▶ WHAT YOU HAVE TO DO
Retype all of the data word for word, without pictures.

▶ SUPPLIED MATERIAL
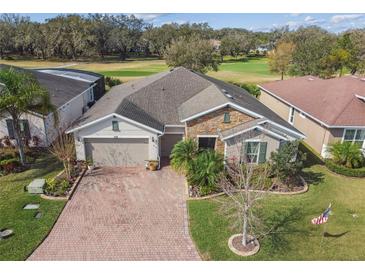 Beautiful single Gathering home featuring a stone facade, well-manicured lawn, and golf course views at 538 Via Vitale Ct, Kissimmee, FL 34759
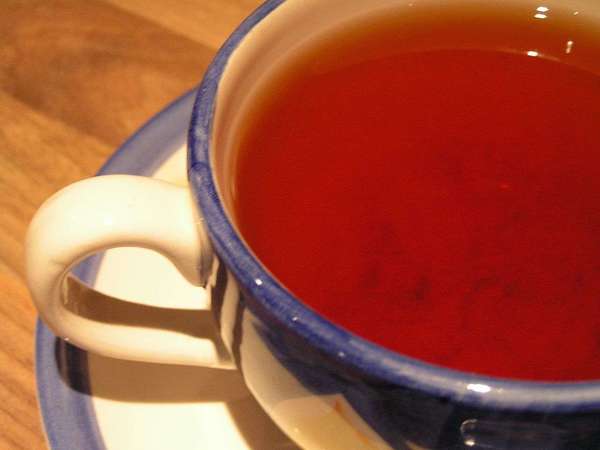 Reddish-colored tea in blue cup with white handle, in white saucer with blue rim, on wooden background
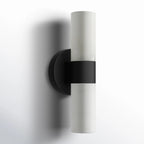 Clérachic Alight wall lamp in black, viewed at an angle so the collar reads as a dark band across pale stone.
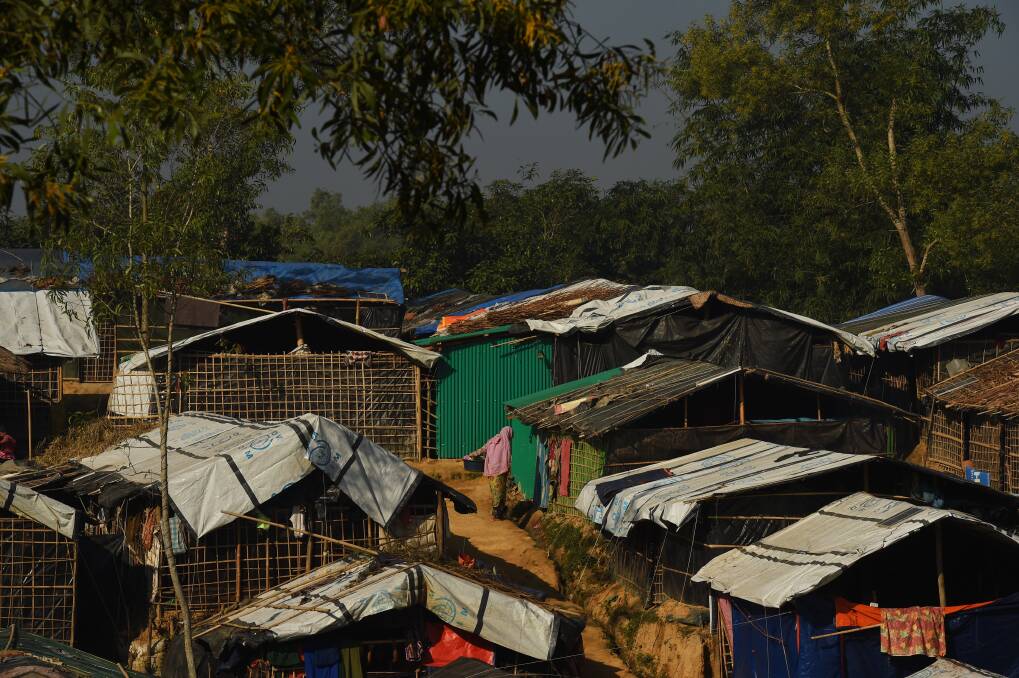 A woman holds a bucket containing clothes as she stands amongst the shelters in Kutupalong refugee camp at Cox's Bazar, home to hundreds of thousands of Rohingya refugees. Photo: Kate Geraghty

▶ EXERCISE OUTPUT
 Beautiful single Gathering home featuring a stone facade, well-manicured lawn, and golf course views at 538 Via Vitale Ct, Kissimmee, FL 34759
 Reddish-colored tea in blue cup with white handle, in white saucer with blue rim, on wooden background
 Clérachic Alight wall lamp in black, viewed at an angle so the collar reads as a dark band across pale stone.
 A woman holds a bucket containing clothes as she stands amongst the shelters in Kutupalong refugee camp at Cox's Bazar, home to hundreds of thousands of Rohingya refugees. Photo: Kate Geraghty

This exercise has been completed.